# best way to remove algae from texas holey rocks?



## 4pokguy (Apr 14, 2011)

I need to tear down my 55gal and I have a lot of texas holey rocks covered with algae.
I was wondering if anyone knows the best way to remove algae from texas holey rocks.


----------



## DanniGirl (Jan 25, 2007)

Scrub them and then soak them in bleach.


----------



## kyoshi (Mar 12, 2010)

a power washer


----------



## PfunMo (Jul 30, 2009)

I would soak first in bleach, then scrub. The bleach will kill the algae and makes is come off easier. Truth is , I learned to live with the "natural" look. When bleaching, rinse well and then let totally air dry before putting back in the tank.


----------



## rgr4475 (Mar 19, 2008)

PfunMo said:


> Truth is , I learned to live with the "natural" look.


 :thumb:


----------



## adam0444 (Apr 16, 2011)

I just let nature take over the rock it does look more natural. keepers choice though


----------



## 4pokguy (Apr 14, 2011)

well, I'm in the process of removing a few pieces of rock at a time, and I've soaked them in bleach over night.

What do I do now? How can I make sure that the bleach isn't gonna leech out of the rocks when I put them back into the tank?


----------



## rgr4475 (Mar 19, 2008)

4pokguy said:


> well, I'm in the process of removing a few pieces of rock at a time, and I've soaked them in bleach over night.
> 
> What do I do now? How can I make sure that the bleach isn't gonna leech out of the rocks when I put them back into the tank?

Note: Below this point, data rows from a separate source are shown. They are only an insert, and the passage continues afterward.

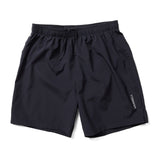 Short Hombre Terrain Run Negro Merrell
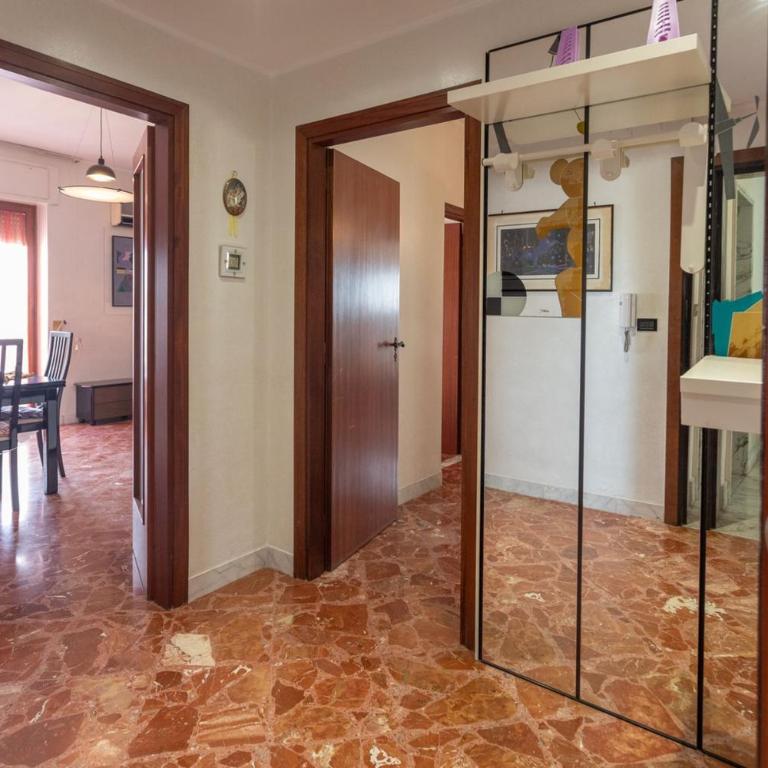 Casa Vacanza Corso Roma - Apulia Home - Appartamento - 29
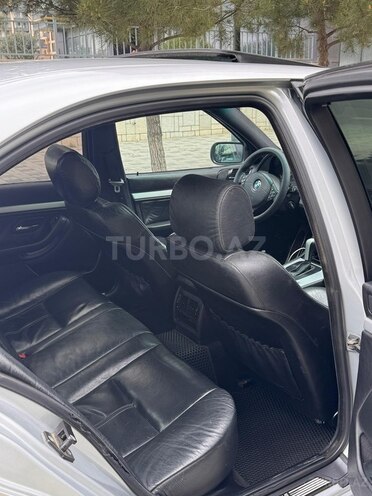 BMW 530 2000, 485,000 km - 3.0 l - Bakı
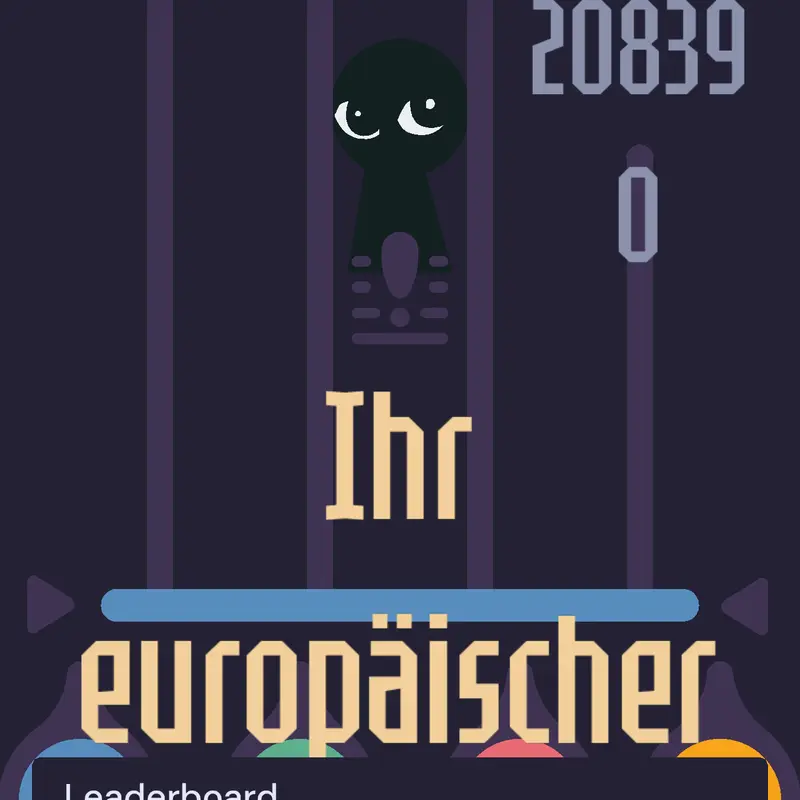 Game by @ryanvitor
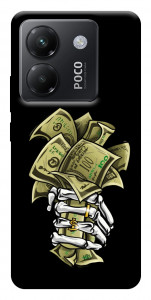 Чохол Hard cash для Xiaomi Poco M7 Pro 5G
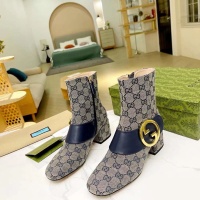 Gucci Boots For Women #1257947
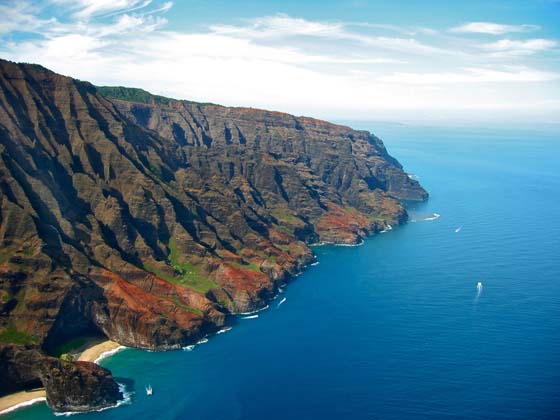 Na'Pali Coast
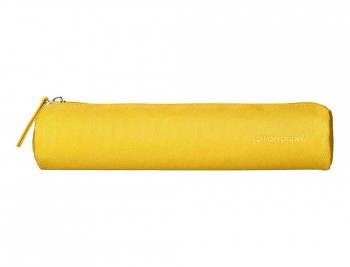 ESTUCHE PORTATODO LIDERPAPEL SLIM CILINDRICO 220X45MM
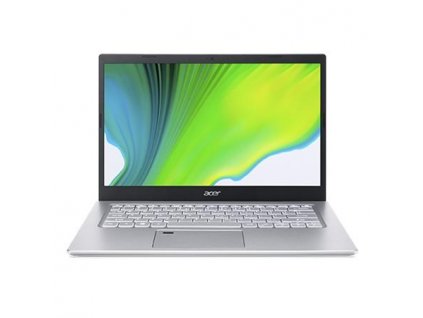 Acer Aspire 5 (A514-54-34MB) i3-1115G4/4GB+4GB/512GB SSD+N/UHD Graphics/14" FHD IPS LED matný/BT/W10 Home/Black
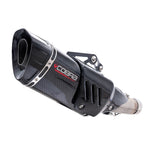 Collettore di scarico (mezzo impianto) per Honda CB1000R (2018-20)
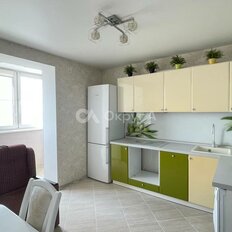 Квартира 40,8 м², 1-комнатная - изображение 3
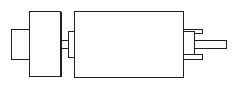 Motor vst.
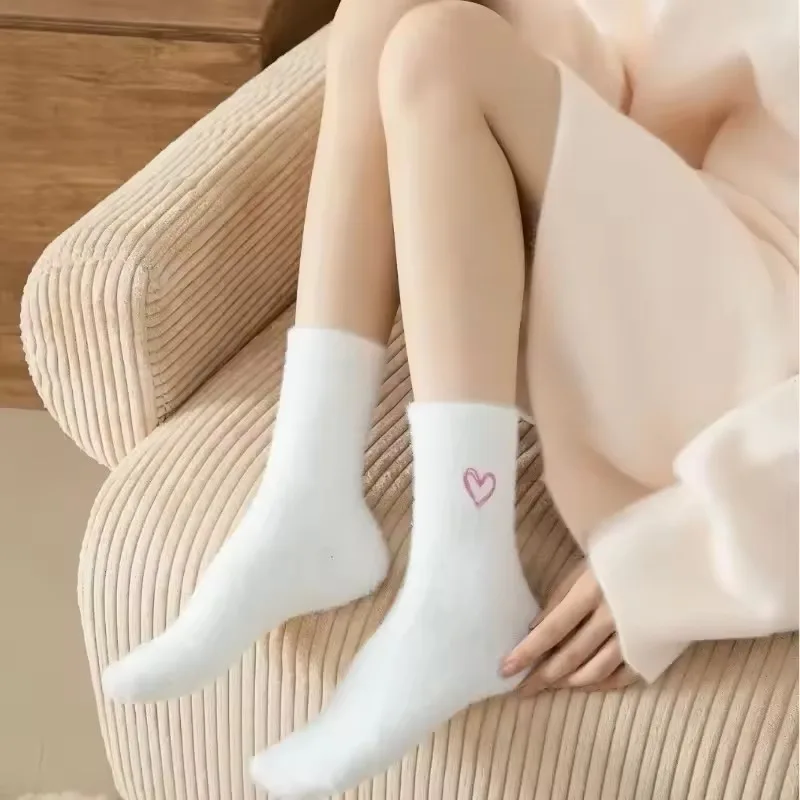 5 paar verdikte nertsensokken  - Embroidery On Socks recensie en prijs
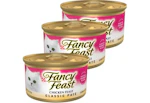 Fancy Feast Canned Cat Food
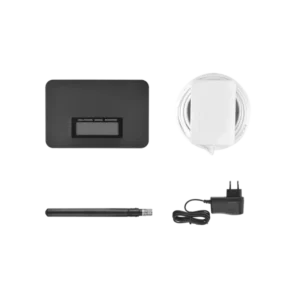 Kit Amplificador de Señal Celular de UNA banda de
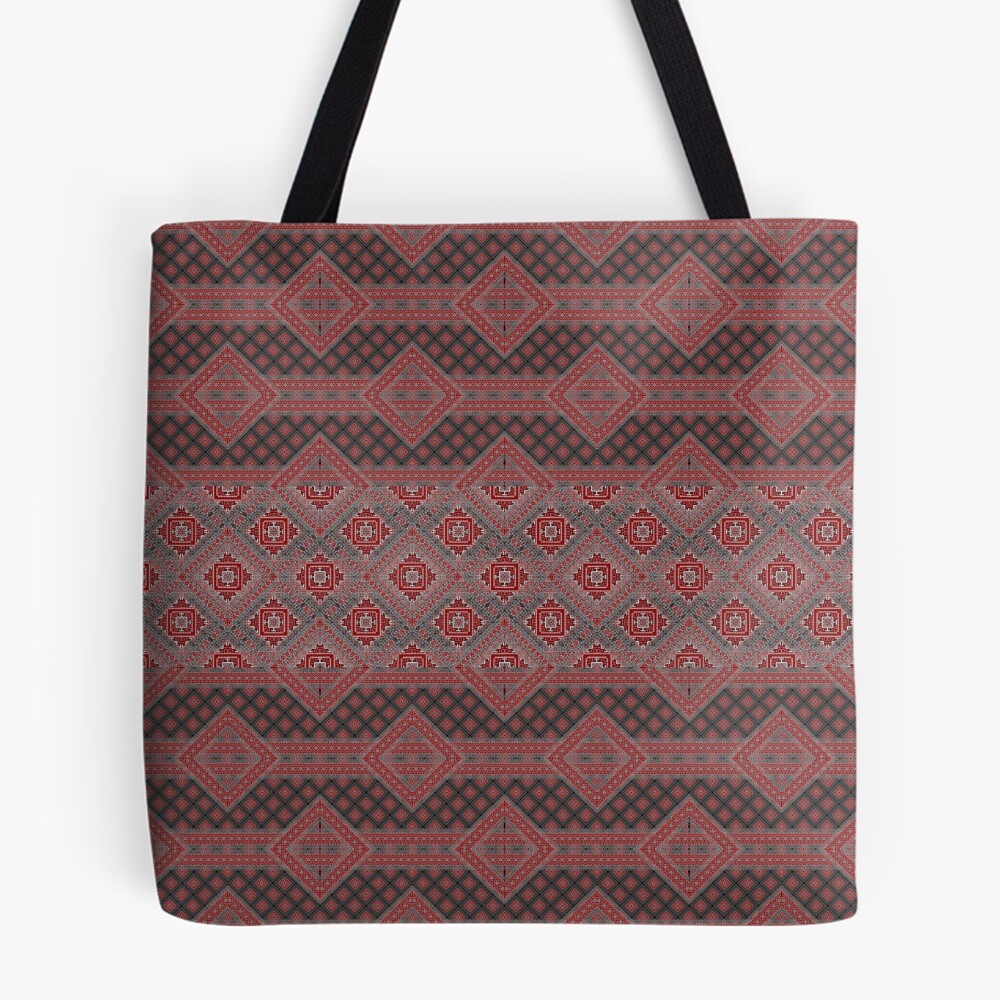 Item preview, All Over Print Tote Bag designed and sold by Nu-cha.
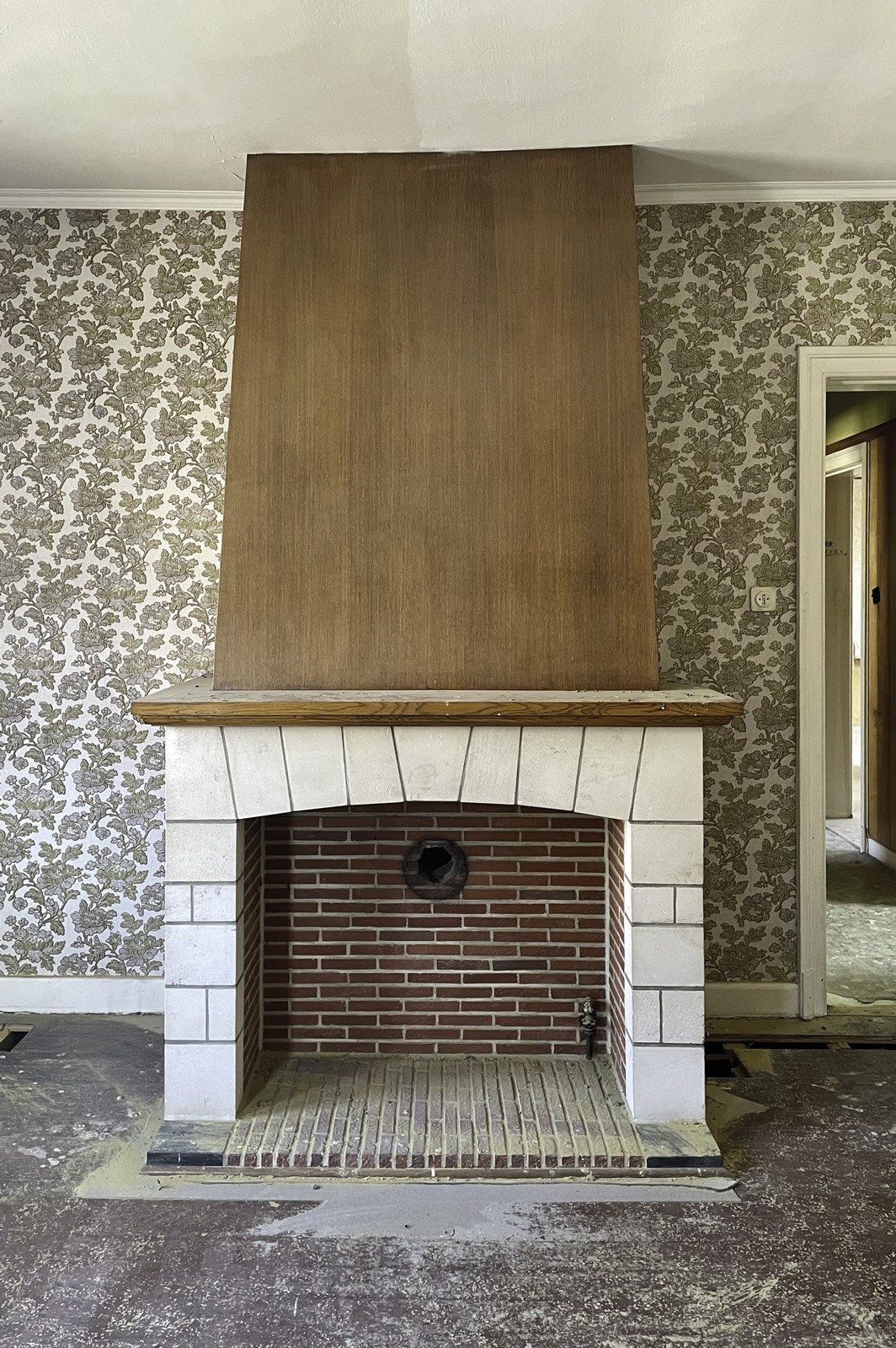 Maison MDW - Relais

Rinse them thoroughly then put them in a bucket of water double dosed with a good dechlorinator like Prime etc... for 24 hrs or so. Then allow them to dry completely.


----------



## adam0444 (Apr 16, 2011)

i dont take risks with bleach thats just me. hope you get the algae off! :fish: :dancing: :? :zz:      :x opcorn:


----------



## rgr4475 (Mar 19, 2008)

As long as you don't take the rocks out of a bucket of bleach and throw them in the tank, it's perfectly fine. A lot of people including myself have used bleach for years with no ill effects. Just need to make sure everything is rinsed and dried. Chlorine once it dries, turns into a gas and quicky dissipates.


----------



## PfunMo (Jul 30, 2009)

The fables about bleach are right up there with the "birther" questions! Since it has been in the water we drink and use for our tanks most places, I have never understood why there is concern about dealing with it. Most of us deal with it every time we fill our tanks.


----------



## 4pokguy (Apr 14, 2011)

thanks for the info everyone!!


----------